■ Raw data
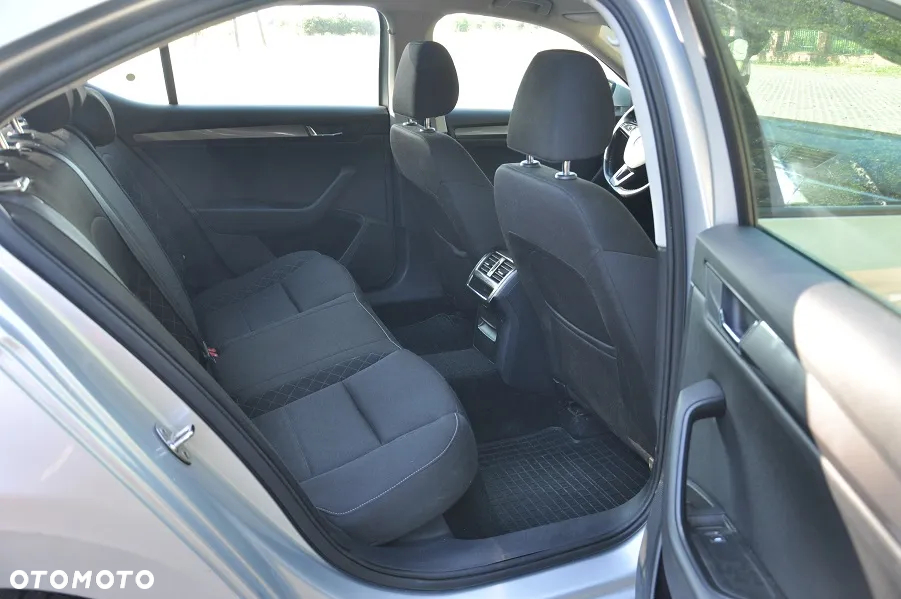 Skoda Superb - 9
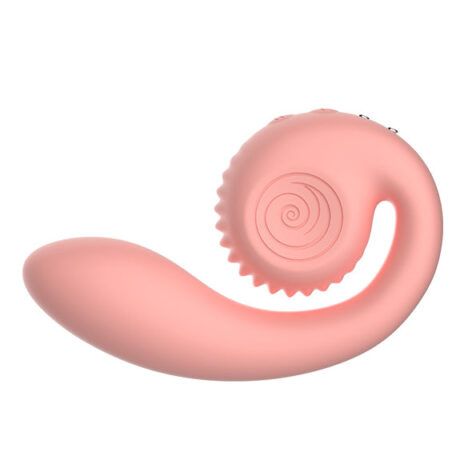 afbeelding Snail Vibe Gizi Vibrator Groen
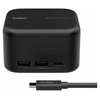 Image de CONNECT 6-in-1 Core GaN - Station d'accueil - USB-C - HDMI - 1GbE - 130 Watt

■ Your instructions
Write the lines out word for word, starting at the one with "afbeelding Snail Vibe Gizi Vibrator Groen" and stopping after the last line of the material above, with pictures excluded.

■ Exercise solution
 afbeelding Snail Vibe Gizi Vibrator Groen
 Image de CONNECT 6-in-1 Core GaN - Station d'accueil - USB-C - HDMI - 1GbE - 130 Watt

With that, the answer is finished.